■ **WHAT THE EXERCISE ASKS**
Beginning with the line that holds "2016 Volkswagen Passat S", write out each line exactly as it stands until the end of the data, and include no pictures.

----

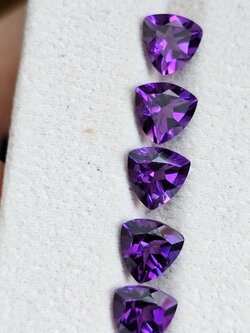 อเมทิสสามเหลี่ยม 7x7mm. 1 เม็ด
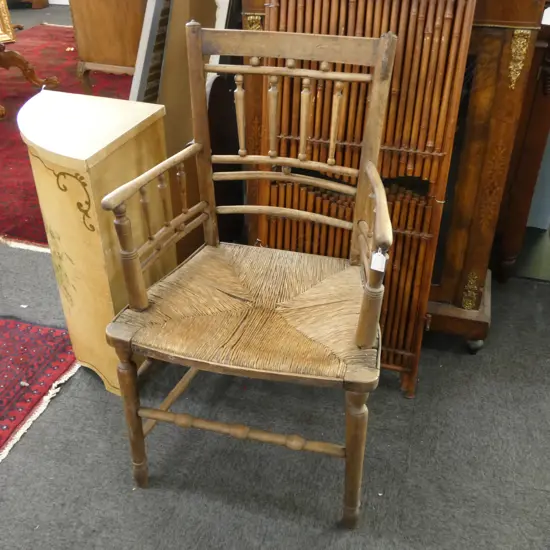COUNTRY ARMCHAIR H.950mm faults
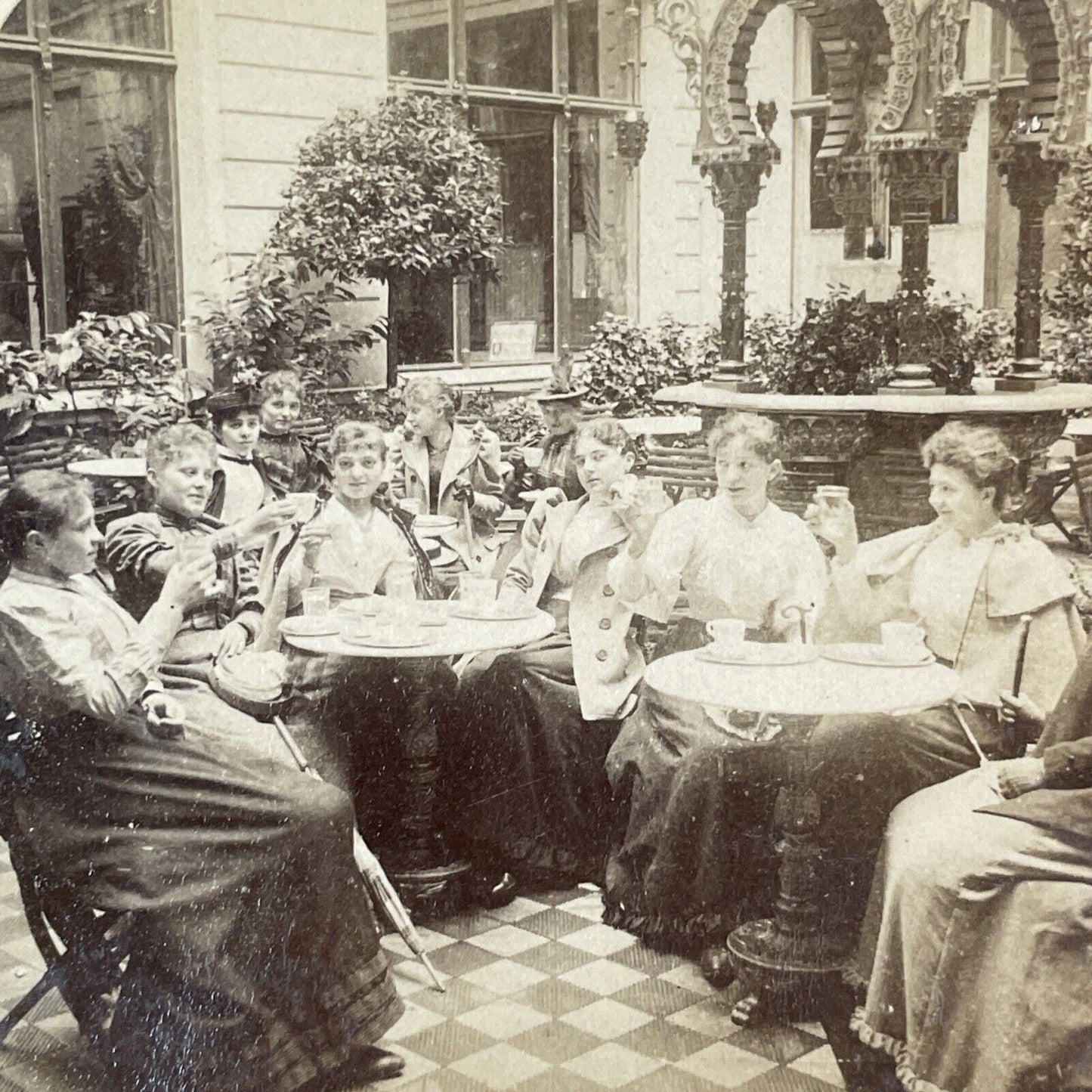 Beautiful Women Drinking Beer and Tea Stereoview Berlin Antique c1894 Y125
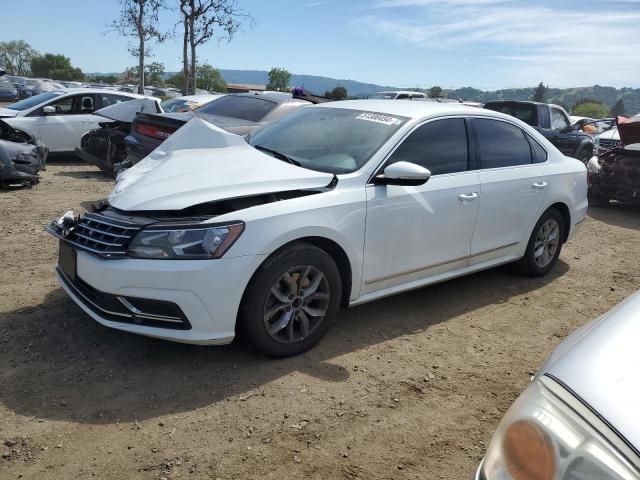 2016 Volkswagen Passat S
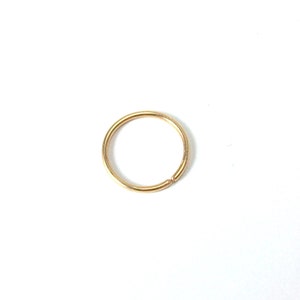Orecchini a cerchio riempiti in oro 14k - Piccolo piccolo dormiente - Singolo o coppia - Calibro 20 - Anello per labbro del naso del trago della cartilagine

----

■ **RESPONSE TO THE TASK**
 2016 Volkswagen Passat S
Orecchini a cerchio riempiti in oro 14k - Piccolo piccolo dormiente - Singolo o coppia - Calibro 20 - Anello per labbro del naso del trago della cartilagine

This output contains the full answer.